Wilson's disease

Question 1

Define Wilson’s disease.

Answer 1

AUTOSOMAL recessive

Disorder in which there is reduced biliary excretion of copper and accumulation of it in the liver and brain, especially in basal ganglia

AKA hepatolenticular degeneration

Question 2

Which gene is affected in Wilson’s disease?

Answer 2

ATP7B gene mutation found on chromosome 13

Codes for copper transporting ATPase in hepatocytes

Question 3

Describe the pathophysiology of Wilson’s disease.

Answer 3

High copper –> toxicity by oxidant damage and damages mitochondria, causing cell death and release of free copper into plasma which is subsequently deposited in other tissues.
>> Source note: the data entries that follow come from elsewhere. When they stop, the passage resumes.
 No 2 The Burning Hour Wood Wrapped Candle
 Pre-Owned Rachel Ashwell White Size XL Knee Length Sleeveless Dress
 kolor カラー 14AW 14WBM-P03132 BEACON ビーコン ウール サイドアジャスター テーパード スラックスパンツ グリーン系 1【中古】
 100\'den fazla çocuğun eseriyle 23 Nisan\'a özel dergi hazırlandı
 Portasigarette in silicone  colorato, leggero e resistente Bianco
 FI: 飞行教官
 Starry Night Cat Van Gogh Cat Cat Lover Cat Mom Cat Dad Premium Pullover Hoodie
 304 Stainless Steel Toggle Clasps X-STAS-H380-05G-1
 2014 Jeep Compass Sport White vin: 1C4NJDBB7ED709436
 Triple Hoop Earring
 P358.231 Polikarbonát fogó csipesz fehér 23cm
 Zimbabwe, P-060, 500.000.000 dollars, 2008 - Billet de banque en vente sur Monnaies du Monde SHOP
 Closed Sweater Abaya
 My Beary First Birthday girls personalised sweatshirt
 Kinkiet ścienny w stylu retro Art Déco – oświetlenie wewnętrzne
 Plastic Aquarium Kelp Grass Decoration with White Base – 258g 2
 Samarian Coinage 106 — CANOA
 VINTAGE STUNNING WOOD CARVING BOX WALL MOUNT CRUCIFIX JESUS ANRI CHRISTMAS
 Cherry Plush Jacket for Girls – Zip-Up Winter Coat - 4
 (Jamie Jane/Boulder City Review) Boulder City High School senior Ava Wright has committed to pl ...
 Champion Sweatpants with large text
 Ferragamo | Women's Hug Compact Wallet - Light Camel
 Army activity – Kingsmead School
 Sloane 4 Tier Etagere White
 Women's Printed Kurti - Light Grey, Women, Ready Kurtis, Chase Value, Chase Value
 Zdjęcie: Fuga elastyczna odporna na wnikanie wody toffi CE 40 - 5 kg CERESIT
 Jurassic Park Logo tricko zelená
Mutations interfere with transport of copper into intracellular compartments for incorporation into caeruloplasmin (and secretion into plasma) or excretion into bile.

Question 4

What are the risk factors for Wilson’s disease?

Answer 4

ATP7B gene mutation

(WEAK: Non-vegetarian diet = less copper is bioavailable from vegetables than from meat)

Question 5

What is the typical presentation of Wilson’s disease?

Answer 5

Usually aged 10-25yrs at presentation

Liver - hepatitis, cirrhosis, liver failure, jaundice, easy bruising, variceal bleeding, encephalopathy

Neurological - dyskinesia, rigidity, tremor, dystonia, dysarthria, dysphagia, drooling, dementia, ataxia

Psychiatric - conduct disorder, personality change, psychosis.

Question 6

What are the signs of Wilson’s disease on examination?

Answer 6

• Liver - hepatosplenomegaly, jaundice, ascites/oedema, gynaecomastia.
• Neurological - dyskinesia, rigidity, tremor, dystonia, dysarthria, dysphagia, drooling, dementia, ataxia.
• Eyes - Green or brown Kayser-Fleischer ring at the corneal limbus, sunflower cataract (copper accumulation in th lens, seen with slit lamp).

Question 7

What investigations would you do for Wilson’s disease?

Answer 7

Bloods:

• LFTs - abnormal, especially high AST, ALT, AlkPhos
• Blood ceruloplasmin - LOW (but can give false negatives as it is an acute phase protein) - <180mg/L
• Serum total copper - LOW (95% of plasma copper is carried by ceruloplasmin)
• Serum free copper - HIGH
• Genetic analysis - test for ATP7B, and DNA haplotype testing for siblings of carrier

Other:

• Slit lamp test for Kayser-Fleischer rings
• Liver biopsy - increased Cu content

Question 8

How do you manage Wilson’s?

Answer 8

• Specialist unit medical treatment - usually involves copper chelators e.g. D-penicillamine
• Genetic counselling
• Liver transplant if necessary

Question 9

What is the epidemiology of Wilson’s disease?

Answer 9

• Affects 1/30,000
• Carrier frequency 1/100
• Liver disease may present in children (>5 years)
• Neurological disease presents in young adults

Treatment improves outcomes if patient presents early enough

Question 10

Which part of the brain is most affected in Wilson’s?

Answer 10

Basal ganglia degeneration especially in the putamen and globus pallidus

Question 11

What is shown and what is the cause of this?

Answer 11

Kayser-Fleischer ring - deposition of copper in Descemet membrane of the iris periphery.